The sun was blinding as I wandered down a dirt trail in River Park North.  Its light touched my skin like a mother’s reassuring hand, but it lacked its familiar warmth.  Ahead, I spotted an old wooden bench in between two ponds and decided to rest and observe the park from there.

In front of me, the water from the ponds was strikingly blue with streaks of green.  The beautiful surface hid Nature’s secrets like a mask, covering the scars of pollution.

Towering above me, the trees were stripped of their chlorophyll-filled glory days, their rough bark puncturing the sand from which they grew, and their claws tearing at the skies.  They symbolized the harshness, the barrenness of winter.  They symbolized loss.

Just behind me, a single bird was chirping.  Its chirp was not ongoing, nor did it hold the harmony of a happy song.  Its chirp was short, high-pitched, and periodic, as if to ask, “Are there any survivors?”  Why hadn’t the bird flown farther South for the winter, where Nature was still surrounded by relative warmth?

The animals, unlike me, cannot be fair-weather fans of Nature—they are here through the brutally cold winters, the torrential downpours, the droughts and the wildfires and the pollution that threaten their very existence.

The woods wore only the dull browns and grays of winter, but the hopes of care-free spring days were painted in the blue tones of the sky and the water above and below me, as if the sky and the water were holding all of the woes of the woods together in a giant sandwich.

10 feet away from the blue ponds of promise? Three cigarette butts stomped into the ground.  Mankind’s threat—“We’ll do what we want.”

The sun continued to shine down on me, shine down on the park bench, shine down on all of the trees and on the glistening water, but there was an absence of heat.  I hated being so terribly cold when I was merely half a mile from a heated building.  I could not concentrate on anything but the tingling of my toes and the numbing of my nose, the slow burn of icy hands. But that is why I am not wild.  Very shortly, I will march off to a heated building, and the plants and the animals will carry on.  Maybe if I could tough it out, I would grow strong bark like the trees or thick fur like the squirrels.

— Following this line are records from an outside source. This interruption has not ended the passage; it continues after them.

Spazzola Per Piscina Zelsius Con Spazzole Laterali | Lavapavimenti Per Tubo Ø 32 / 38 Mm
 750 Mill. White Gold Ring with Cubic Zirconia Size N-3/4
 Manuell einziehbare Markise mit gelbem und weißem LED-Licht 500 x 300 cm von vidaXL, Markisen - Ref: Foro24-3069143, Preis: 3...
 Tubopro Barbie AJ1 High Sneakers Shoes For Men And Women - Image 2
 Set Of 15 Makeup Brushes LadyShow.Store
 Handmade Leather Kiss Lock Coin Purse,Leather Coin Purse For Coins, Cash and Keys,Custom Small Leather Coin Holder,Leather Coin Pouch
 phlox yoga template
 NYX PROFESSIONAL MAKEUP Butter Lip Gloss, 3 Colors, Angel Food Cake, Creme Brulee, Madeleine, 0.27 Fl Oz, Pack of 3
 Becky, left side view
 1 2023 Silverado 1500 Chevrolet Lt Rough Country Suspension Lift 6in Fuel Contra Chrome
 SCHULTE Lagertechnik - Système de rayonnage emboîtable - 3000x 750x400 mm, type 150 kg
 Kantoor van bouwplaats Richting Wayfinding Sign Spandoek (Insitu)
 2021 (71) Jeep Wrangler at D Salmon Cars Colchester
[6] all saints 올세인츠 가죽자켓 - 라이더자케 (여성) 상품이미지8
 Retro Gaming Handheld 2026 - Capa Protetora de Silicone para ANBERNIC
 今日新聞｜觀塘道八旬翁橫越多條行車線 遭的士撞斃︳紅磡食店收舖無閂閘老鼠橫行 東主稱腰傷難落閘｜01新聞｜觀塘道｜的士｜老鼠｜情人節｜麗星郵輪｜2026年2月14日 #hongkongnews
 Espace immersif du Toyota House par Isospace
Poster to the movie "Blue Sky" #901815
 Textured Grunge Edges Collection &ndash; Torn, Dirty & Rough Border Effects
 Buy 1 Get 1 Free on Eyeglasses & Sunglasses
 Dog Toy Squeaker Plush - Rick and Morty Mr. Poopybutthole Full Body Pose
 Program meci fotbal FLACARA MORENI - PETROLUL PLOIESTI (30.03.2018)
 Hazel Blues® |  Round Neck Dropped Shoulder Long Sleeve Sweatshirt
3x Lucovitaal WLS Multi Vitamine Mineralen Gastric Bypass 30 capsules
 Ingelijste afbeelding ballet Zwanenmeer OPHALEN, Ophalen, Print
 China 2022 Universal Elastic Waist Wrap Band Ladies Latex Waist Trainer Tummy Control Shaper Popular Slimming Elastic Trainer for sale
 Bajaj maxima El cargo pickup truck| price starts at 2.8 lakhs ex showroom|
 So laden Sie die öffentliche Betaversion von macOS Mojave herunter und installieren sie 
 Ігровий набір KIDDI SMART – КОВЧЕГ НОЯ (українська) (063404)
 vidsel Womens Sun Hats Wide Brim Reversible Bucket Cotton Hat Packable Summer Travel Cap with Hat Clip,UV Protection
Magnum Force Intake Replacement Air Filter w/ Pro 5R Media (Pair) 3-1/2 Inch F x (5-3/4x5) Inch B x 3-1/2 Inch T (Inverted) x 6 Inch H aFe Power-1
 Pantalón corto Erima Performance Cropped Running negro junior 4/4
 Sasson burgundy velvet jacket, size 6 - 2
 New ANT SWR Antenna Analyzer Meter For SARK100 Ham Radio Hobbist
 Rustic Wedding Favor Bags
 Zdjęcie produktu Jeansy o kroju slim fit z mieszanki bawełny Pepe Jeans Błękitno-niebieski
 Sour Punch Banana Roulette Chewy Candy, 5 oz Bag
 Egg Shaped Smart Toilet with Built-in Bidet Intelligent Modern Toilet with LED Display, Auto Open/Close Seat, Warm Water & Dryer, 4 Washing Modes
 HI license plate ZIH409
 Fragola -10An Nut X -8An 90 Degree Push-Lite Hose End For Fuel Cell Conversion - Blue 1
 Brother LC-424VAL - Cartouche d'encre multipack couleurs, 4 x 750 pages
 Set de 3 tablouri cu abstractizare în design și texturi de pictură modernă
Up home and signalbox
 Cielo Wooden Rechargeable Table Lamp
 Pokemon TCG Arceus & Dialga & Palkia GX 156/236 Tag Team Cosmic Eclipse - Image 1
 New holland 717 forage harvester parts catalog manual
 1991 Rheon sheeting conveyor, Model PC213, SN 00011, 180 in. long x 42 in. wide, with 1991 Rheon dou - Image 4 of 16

I heard voices and turned around to face the opening of the trail.  Approaching me were two small girls, a puppy, and their father.  The two girls ran in between the ponds and down the trail, laughing and picking up rocks—“Daddy, daddy! Look at this!”  They didn’t care about the cold—they were smiling and playing in spite of it.  Their father, however, had a face of stone, callous from the cold and weathered from the wind.  He appeared to feel no emotion toward the barren park, but he watched his girls carefully, as if recalling a time when he, too, used to find joy in being in the woods.  Eventually, they disappeared down the trail.

Alone once again, I could not help but fixate on the electric cords dangling above the water, the crumpled sunflower seed wrapper hiding among the crunched leaves.  Because when I’m bitterly cold, I’m bitterly critical about the way things have turned out—whether I have control over them or not.